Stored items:

-------------------------

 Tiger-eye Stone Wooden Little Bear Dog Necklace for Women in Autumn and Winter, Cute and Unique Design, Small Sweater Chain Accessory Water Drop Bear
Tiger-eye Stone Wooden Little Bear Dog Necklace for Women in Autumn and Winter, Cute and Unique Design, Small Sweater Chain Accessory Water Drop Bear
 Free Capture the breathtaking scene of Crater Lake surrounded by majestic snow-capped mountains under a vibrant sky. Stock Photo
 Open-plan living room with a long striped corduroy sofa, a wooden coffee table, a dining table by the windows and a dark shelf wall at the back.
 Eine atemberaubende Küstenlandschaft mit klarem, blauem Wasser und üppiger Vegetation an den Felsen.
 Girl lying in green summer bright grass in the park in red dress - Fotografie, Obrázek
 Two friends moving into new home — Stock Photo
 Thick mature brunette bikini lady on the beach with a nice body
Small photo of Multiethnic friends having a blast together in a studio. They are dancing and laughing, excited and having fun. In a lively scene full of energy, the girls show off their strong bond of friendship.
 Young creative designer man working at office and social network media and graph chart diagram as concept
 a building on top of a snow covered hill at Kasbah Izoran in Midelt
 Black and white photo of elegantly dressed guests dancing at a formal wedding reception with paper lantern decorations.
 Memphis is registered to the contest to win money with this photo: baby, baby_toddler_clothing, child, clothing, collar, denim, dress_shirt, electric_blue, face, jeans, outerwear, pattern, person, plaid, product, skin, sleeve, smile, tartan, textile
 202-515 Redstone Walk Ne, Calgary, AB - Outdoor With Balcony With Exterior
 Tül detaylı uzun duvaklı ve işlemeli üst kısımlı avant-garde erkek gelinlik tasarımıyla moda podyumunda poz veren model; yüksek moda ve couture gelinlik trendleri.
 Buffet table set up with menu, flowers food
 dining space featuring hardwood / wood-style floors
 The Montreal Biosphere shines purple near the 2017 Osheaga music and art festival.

-------------------------

Task objective
Using the string "Unique" as the search term, count the lines of the data above that hold it and report that number alone.

Reply
2